You are viewing a plain text version of this content. The canonical link for it is here.

Posted to user@cassandra.apache.org by Robert Wille <rw...@fold3.com> on 2015/06/13 02:52:21 UTC

Dropped mutation messages

I am preparing to migrate a large amount of data to Cassandra. In order to test my migration code, I’ve been doing some dry runs to a test cluster. My test cluster is 2.0.15, 3 nodes, RF=1 and CL=QUORUM. I know RF=1 and CL=QUORUM is a weird combination, but my production cluster that will eventually receive this data is RF=3. I am running with RF=1 so its faster while I work out the kinks in the migration.

There are a few things that have puzzled me, after writing several 10’s of millions records to my test cluster.

My main concern is that I have a few tens of thousands of dropped mutation messages.

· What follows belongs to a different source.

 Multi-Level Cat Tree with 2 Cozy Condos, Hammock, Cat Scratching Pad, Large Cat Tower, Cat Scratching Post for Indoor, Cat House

I’m overloading my cluster. I never have more than about 10% CPU utilization (even my I/O wait is negligible). A curious thing about that is that the driver hasn’t thrown any exceptions, even though mutations have been dropped. I’ve seen dropped mutation messages on my production cluster, but like this, I’ve never gotten errors back from the client. I had always assumed that one node dropped mutation messages, but the other two did not, and so quorum was satisfied. With RF=1, I don’t understand how mutation messages are being dropped and the client doesn’t tell me about it. Does this mean my cluster is missing data, and I have no idea?

Each node has a couple dozen all-time blocked FlushWriters. Is that bad?

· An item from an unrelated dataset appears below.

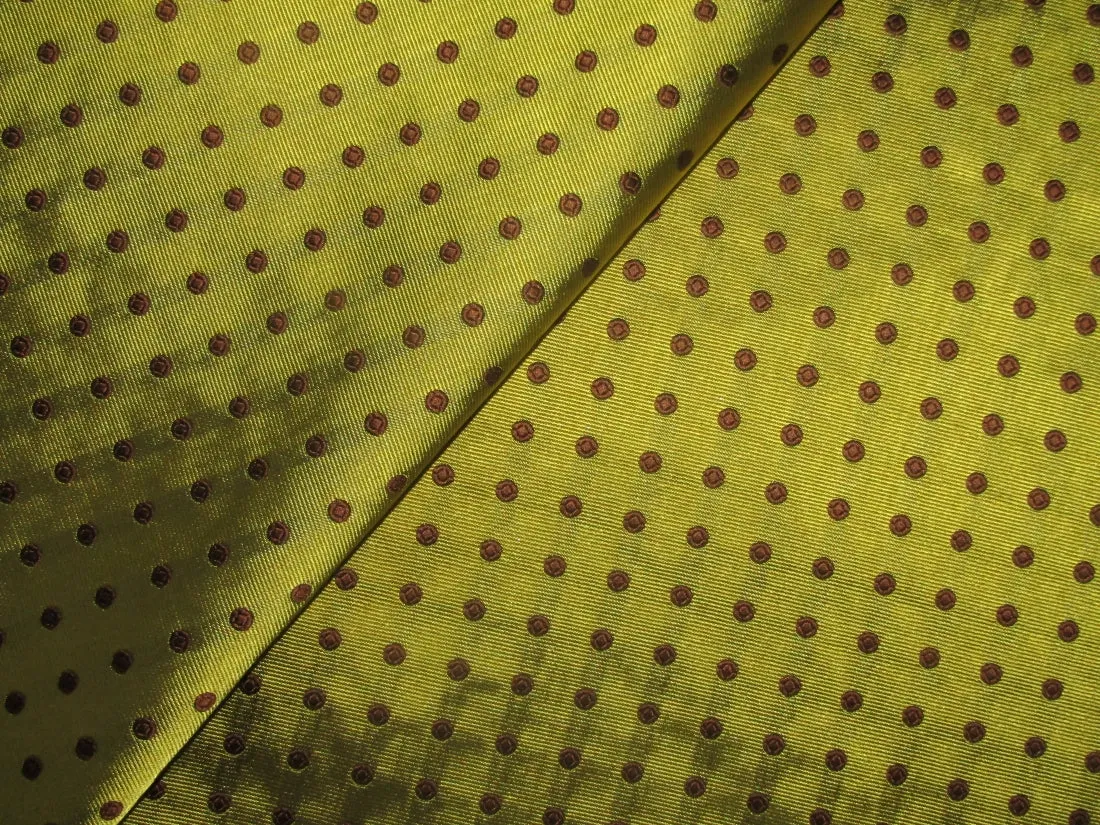 100% Silk Taffeta Jacquard Fabric  gold with brown dotted  jacquard  TAFJACNEW10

I have around 100 dropped counter mutations, which is very weird because I don’t write any counters. I have counters in my schema for tracking view counts, but the migration code doesn’t write them. How could I get dropped counter mutation messages when I don’t modify them?

Any insights would be appreciated. Thanks in advance.

Robert

Re: Dropped mutation messages

Posted by Robert Wille <rw...@fold3.com>.

My primary concern isn’t so much that I am dropping mutation messages, but the fact that I don’t get errors when it happens. According to my understanding, a dropped mutation message should always result in an error thrown back to the client when RF=1.

I looked at my logs to see what was going on when the dropped mutation messages occurred. Two nodes in my cluster dropped a bunch of messages at roughly the same time, and a third node dropped messages about two minutes later. No GC messages in the logs at that time on any node. Nothing else of interest in the logs around that time.

The logs showed the dropped mutation messages to be much older than I assumed they would be. I assumed they would be from when I was doing heavy migration, but they are from when I first started using the cluster.

For unknown reasons, my writes spiked heavily at the time the messages were dropped:

[cid:AFEC3FE2-CA25-42A0-8E12-32B075D281E3@iarchives.com]

My data migration tool is heavily threaded, and perhaps there was a bug in the code that limits the concurrency, and I fixed it without realizing it. I really have no reasonable explanation for that spike. Whatever the cause, the spike caused a lot of GC, but not enough to produce any GC events in the logs. My guess is that there were so many writes that they simply took too long and timed out. But again, it is very disturbing that the client never knew about it.

The good news is that I haven’t dropped mutation messages since I began migrating data in earnest, and I’ve imported close to a billion records so far. I should probably crank up the threading on my migration code to force errors on the cluster and see what happens. If I can reproduce the dropped messages without getting a timeout in the client, then perhaps I can file a jira.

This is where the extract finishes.